## Exercise objective
Pictures are to be left out, but please repeat each record exactly.

(Data excerpts)
Start of Block

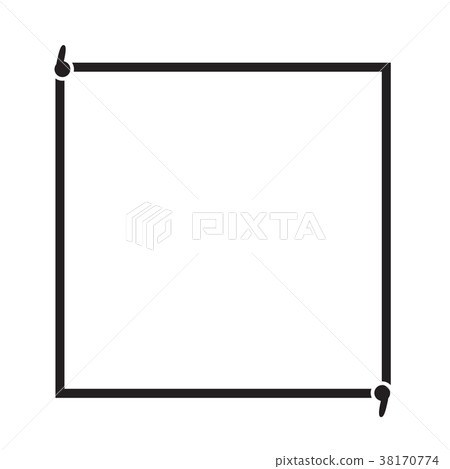 quote icon on white background. quote sign. 38170774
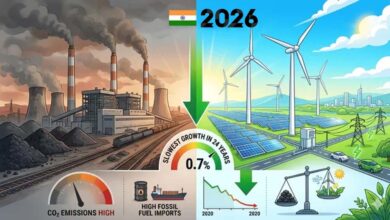 2030 से पहले थम सकता है भारत में CO2 उत्सर्जन! चौंकाने वाले संकेत, 2025 में CO2 उत्सर्जन केवल 0.7% बढ़ा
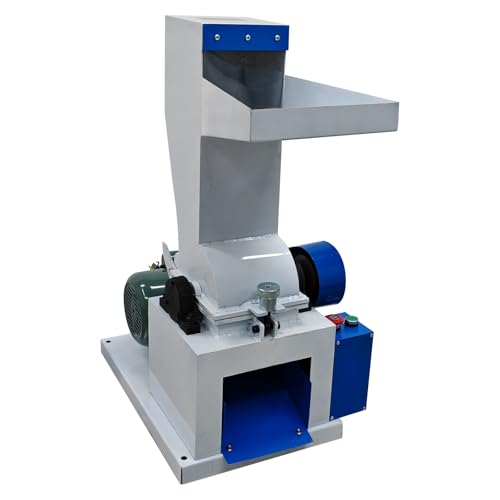 INTSUPERMAI Glass/Bottle Crusher Small Hammer Crusher Broken Glass Testing Equipment Grinding Milling Machine Hammer Crushing Machine 220V 300-500KG/H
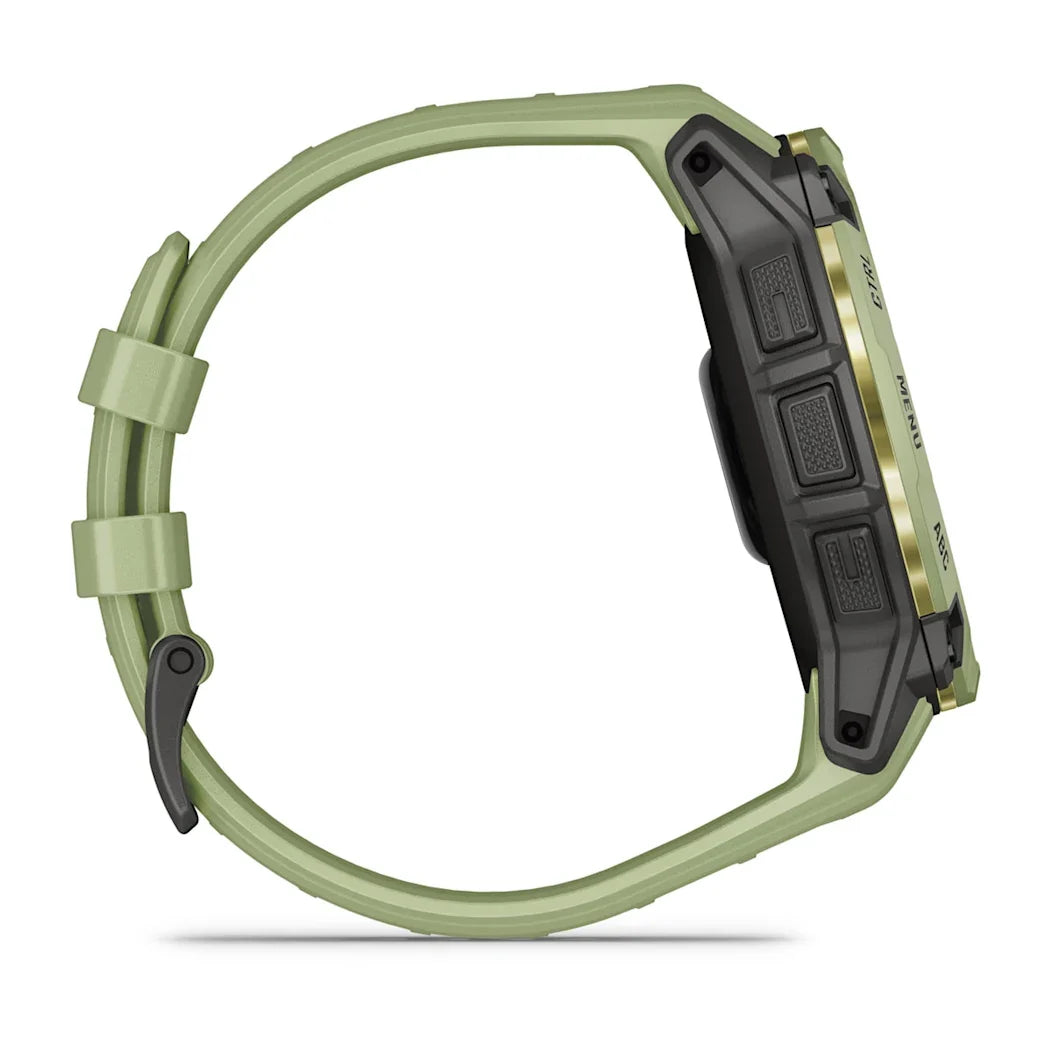 Garmin Instinct 3 – 50 mm AMOLED Fern Green with Fern Green Band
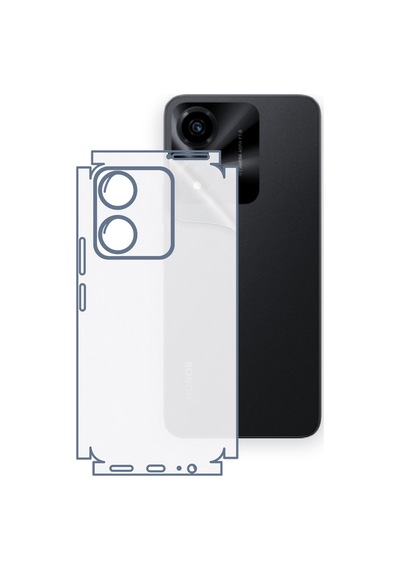 Honor X5 Plus Uyumlu Fullbody Arka Kaplama Hidrojel Koruyucu Film 42347616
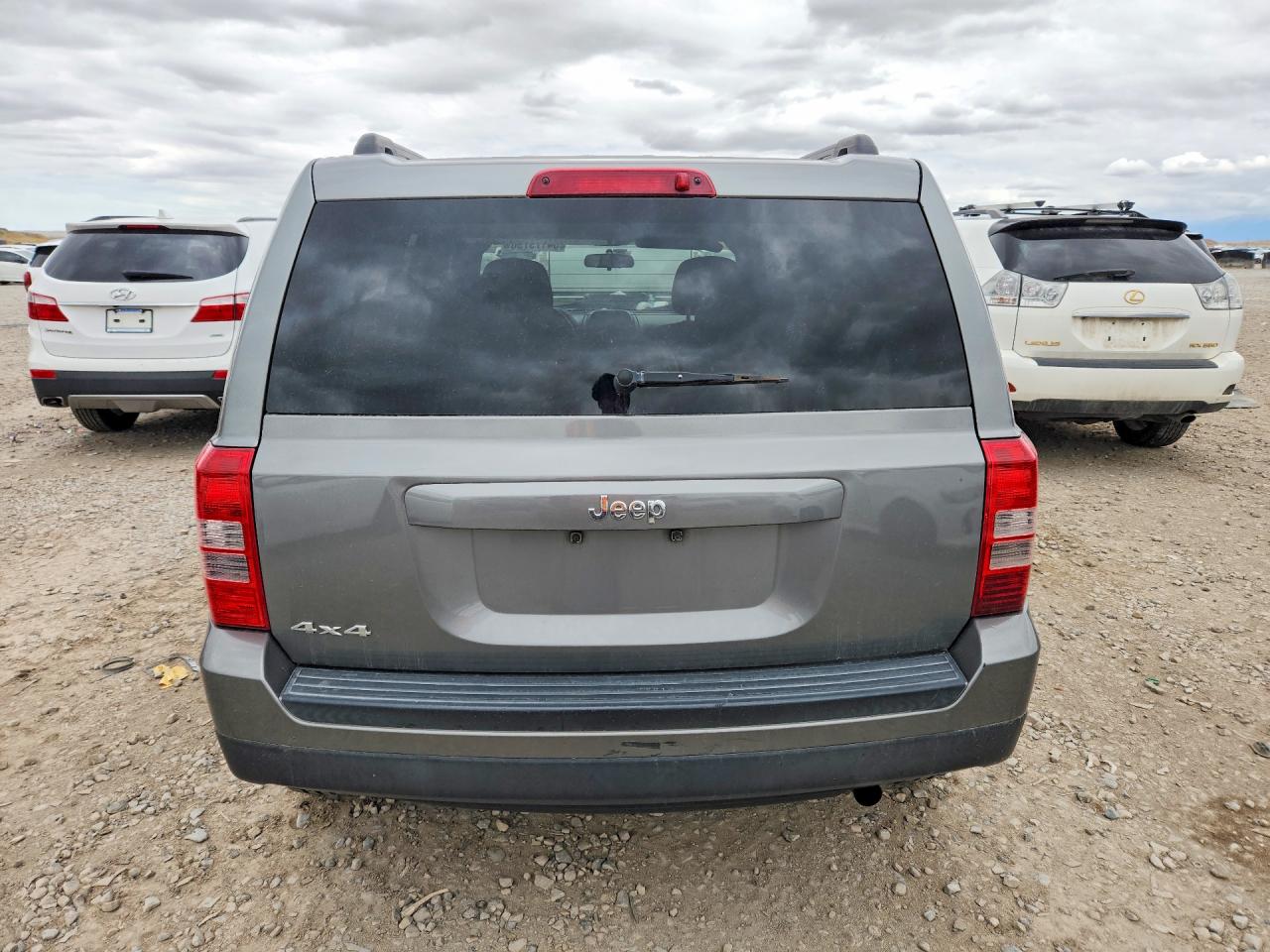 2012 Jeep Patriot VIN 1C4NJRBB5CD611709 photo 6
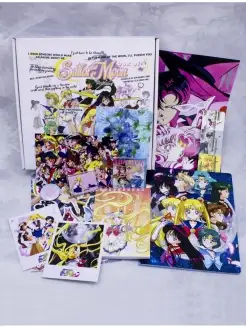 Подарочный бокс Сейлор Мун Sailor Moon S FANDOMIA 80018845 купить за 910 ₽ в интернет-магазине Wildberries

End of Block

## Task response
 quote icon on white background. quote sign. 38170774
 2030 से पहले थम सकता है भारत में CO2 उत्सर्जन! चौंकाने वाले संकेत, 2025 में CO2 उत्सर्जन केवल 0.7% बढ़ा
 INTSUPERMAI Glass/Bottle Crusher Small Hammer Crusher Broken Glass Testing Equipment Grinding Milling Machine Hammer Crushing Machine 220V 300-500KG/H
 Garmin Instinct 3 – 50 mm AMOLED Fern Green with Fern Green Band
 Honor X5 Plus Uyumlu Fullbody Arka Kaplama Hidrojel Koruyucu Film 42347616
 2012 Jeep Patriot VIN 1C4NJRBB5CD611709 photo 6
 Подарочный бокс Сейлор Мун Sailor Moon S FANDOMIA 80018845 купить за 910 ₽ в интернет-магазине Wildberries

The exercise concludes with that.